For Auto Transmissions: When in heavy traffic, when the line moves just a little bit, don't press the accelerator. The engine will pull you along slowly. It's generally enough to keep up with the slow moving traffic.

posted by projekt6 on August 15, 2010

this tip works for 96% of voting Fuelly members.

just drive

just operate your car safely. tips on driving is nice but for the most part, just pay attention to the road. tips on driving. hot summer days, highway and ac is fine. highway and windows open. better off with ac on. tire pressure. no less than vehicle manufactured pressure and up to what the tire manufacturing says. over that can cause drivability problems like steering and braking. proper maintence. cheap quick lubes no good. full servicing wich would cost more good idea. tail gate up. steady cruising always beats stop and go. hyper miling really doesnt help. especially going on to a highway. you make it dangerous for yourself, the vehicle already driving and who ever is behind you. that penny saved doesnt equal a life on the road. your mpg is always gonna vary. its impossible to create the same driving habits all the time. there is just too much going on to do so. the weather such as hot to cold, dry air to humid, wind and no wind. and much more. plus by trying to drive slow not allowing parts like your catalytic converter got hot to clean exhaust can eventually clog and cause poor mileage and earlier breakdowns that cost alot so all that was saved will be lost anyways. so all in all, just drive and record what you are getting and use it as a guideline to watch what you spend and how much you consume. just drive and be safe. you arent the only one on the road.

posted by njsurferlarry on August 15, 2010

this tip works for 10% of voting Fuelly members.

Use manual shift mode on long trips

If you have a manual shift option on your automatic transmission, use it to keep your car in top gear when in the hills.

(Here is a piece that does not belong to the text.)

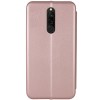 Кожаный чехол-книжка Classy для Xiaomi Redmi 8 Rose Gold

I was able to keep the engine from downshifting on hills in cruise by manually selecting the top gear. In my case its 6th gear. Once I got in 6th gear on the highway the crusie never kicked down to 5th on the hills. I put it back in drive for a while and noticed that every steep hill would cause the transmission to downshift to 5th and jump the RPMs up. Seeing someone elses tip on cruise control often causing the engine to downshift on hills gave me the idea. Remember this works on all manuals and automatics with the +/- manual shift options on your gear selector. Some car makers call it tiptronic, steptronic, DSG, sport shift etc...basically if you can manually shift your automatic transmission into your top gear you can try this. It was worth 1 mpg on the rental car after 200 miles on the cars fuel gauge. Hope this helps.

posted by mexglx on August 4, 2010

this tip works for 17% of voting Fuelly members.